S1 = dfimp2.AUS.sort_values(ascending=False).head(20).index.to_list()
S2 = dfimp2.CHN.sort_values(ascending=False).head(20).index.to_list()
S3 = dfimp2.DEU.sort_values(ascending=False).head(20).index.to_list()
S4 = dfimp2.FRA.sort_values(ascending=False).head(20).index.to_list()
S5 = dfimp2.USA.sort_values(ascending=False).head(20).index.to_list()

set(S2) & set(S3) & set(S4)

{'Fusobacterium nucleatum s. vincentii [ref_mOTU_v2_0754]',
 'Parvimonas micra [ref_mOTU_v2_1145]',
 'unknown Dialister [meta_mOTU_v2_5867]'}

4.4 Discussions and conclusions on saliency map¶

We can see that there are some notable regions on the saliency map, i.e., the hot zones. The microbes in these zones are important microbes. For the 5 detection models built from megma_all transformed Fmaps, all of the important zones is in the left upper conner (as shown in Fig.1), and their GFI scores are highly-correlated to each other.

overall Fig. 1: Fmaps generated by overall megma and the saliency maps.

For the 5 detection models built from country-specific megma transformed Fmaps, the important zones located in different areas(as shown in Fig.2), but the GFI values are highly-correlated among the four countries of CHN, FRA, DEU, and USA.

Fig. 2: Fmaps generated by country-specific megma and the saliency maps.

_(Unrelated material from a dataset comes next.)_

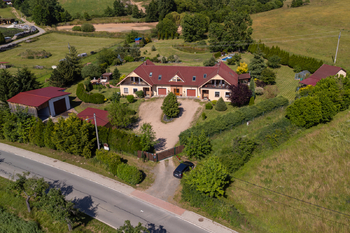 Prodej domu 399 m², Předenice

By fitting megma with different data, the 2D arrangement of microorganisms is different. Therefore, the hot zones for the country-specific megma is in different regions. Although the hot regions are different, the microbes in these regions may be in high consistant (for examples, the species of Fusobacterium nucleatum s. vincentii [ref_mOTU_v2_0754], Parvimonas sp. [ref_mOTU_v2_4961], and unknown Dialister [meta_mOTU_v2_5867] are located in these zones.).

We can see that the performance of the models trained based on these Fmaps is also different. The performance of the model is increased if the key microbes are clustered together, so that the hotspots can also be seen in the saliency map. For example, the STST performance for the country-specific megma_AUS is worst among the 5 countries, and the hot zone and GFI calculated also shows not so consistant with the rest countries.

In conclusion, the overall megma (fitted by all metagenomic abundance data) shows better performance than country-specific megma (fitted by one country metagenomic abundance data), suggesting that unsupervised megma should also be fitted on larger samples. The MEGMA-AggMapNet-Explainer pipeline can be used to identify important microbes.